Stored data:
BEGIN
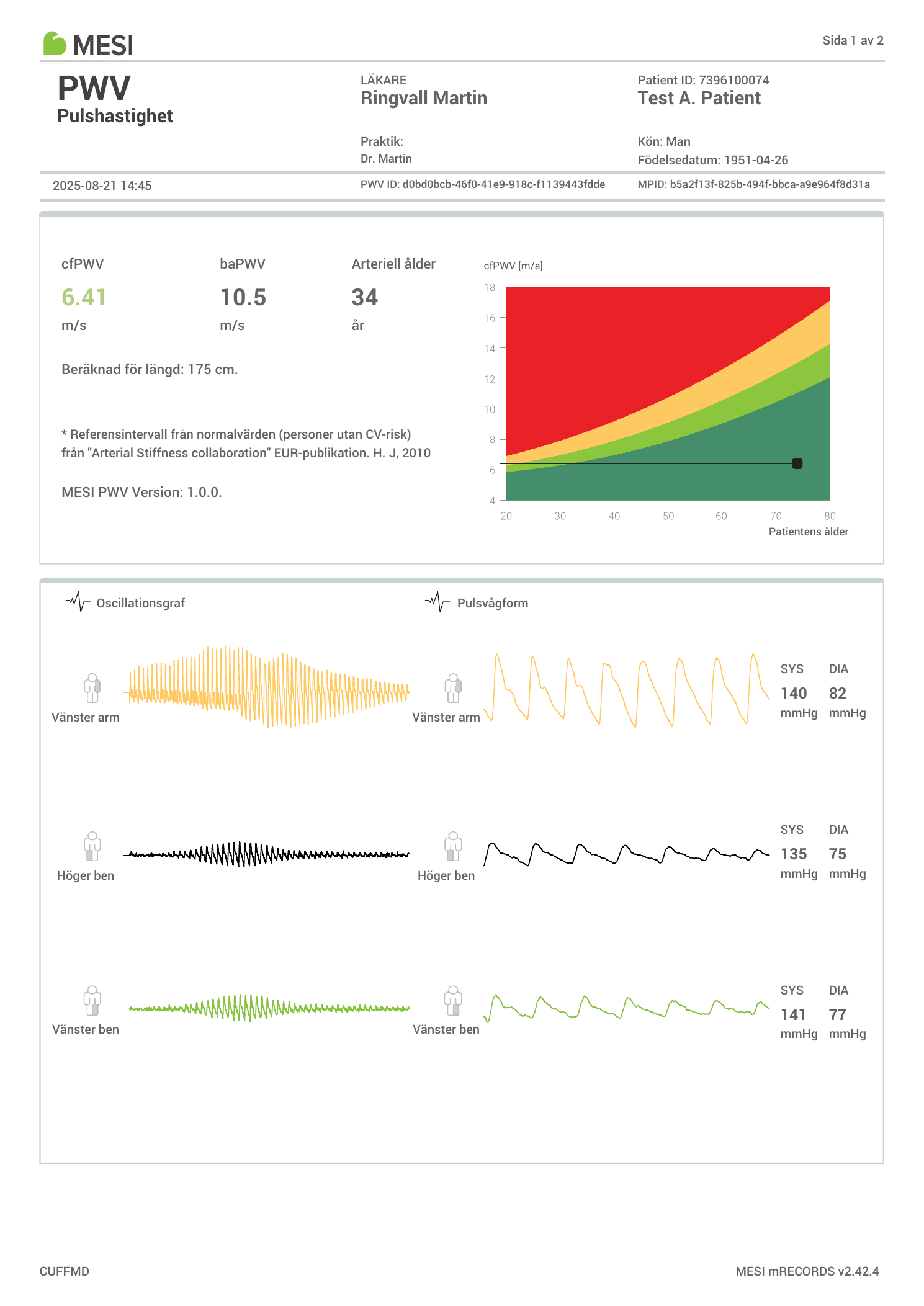 PWV-rapport sida 1 – cfPWV 6,41 m/s, baPWV 10,5 m/s, arteriell ålder 34 år, oscillationsgrafer arm och ben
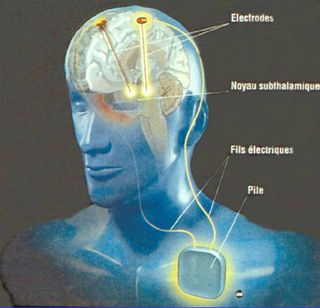Stimulation cérébrale électrique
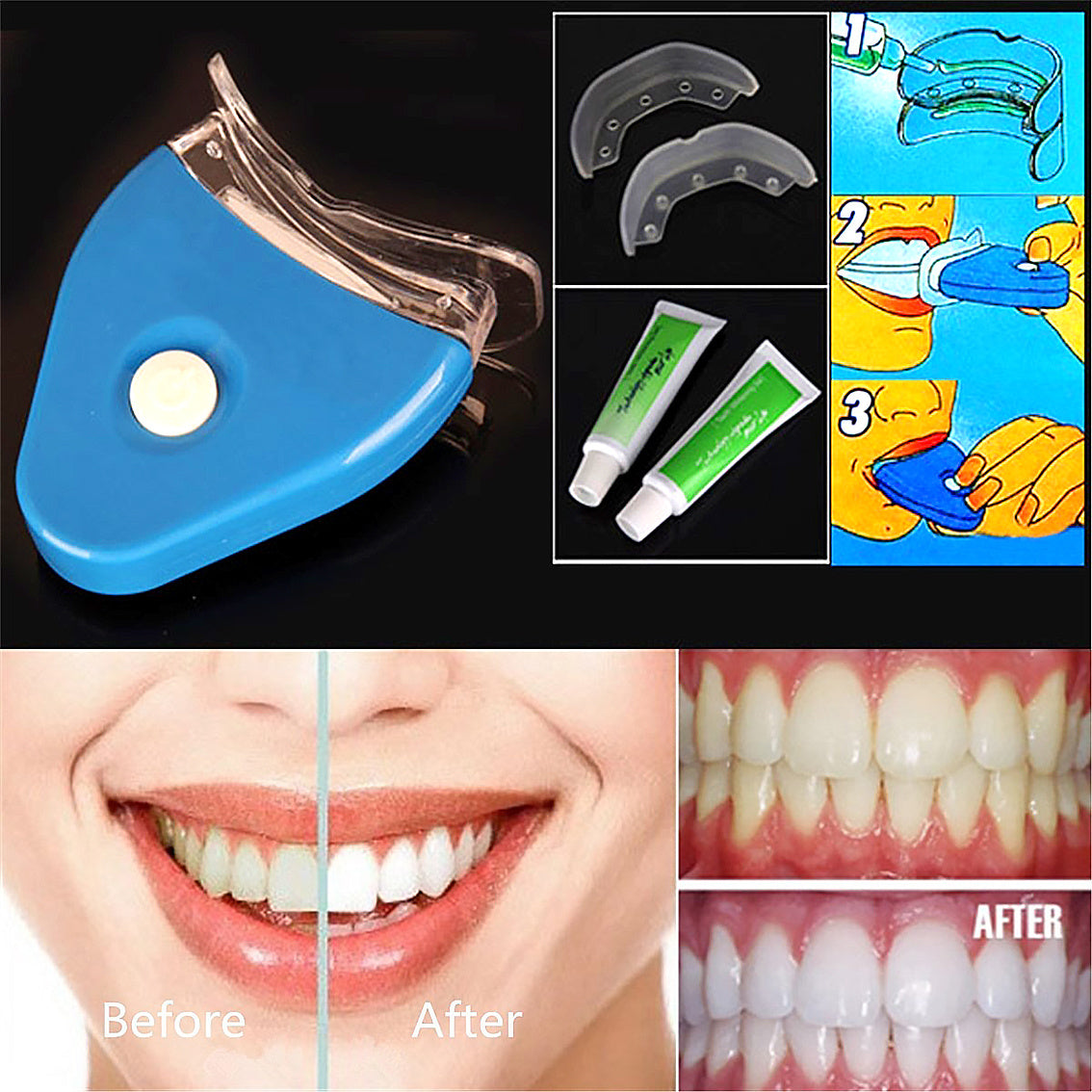 Teeth  Whitener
END
Task requirements: Extract, word for word, every line from the one containing "Stimulation cérébrale électrique" to the end of the data above, both ends included, and leave out the pictures.

Task solution:
Stimulation cérébrale électrique
 Teeth  Whitener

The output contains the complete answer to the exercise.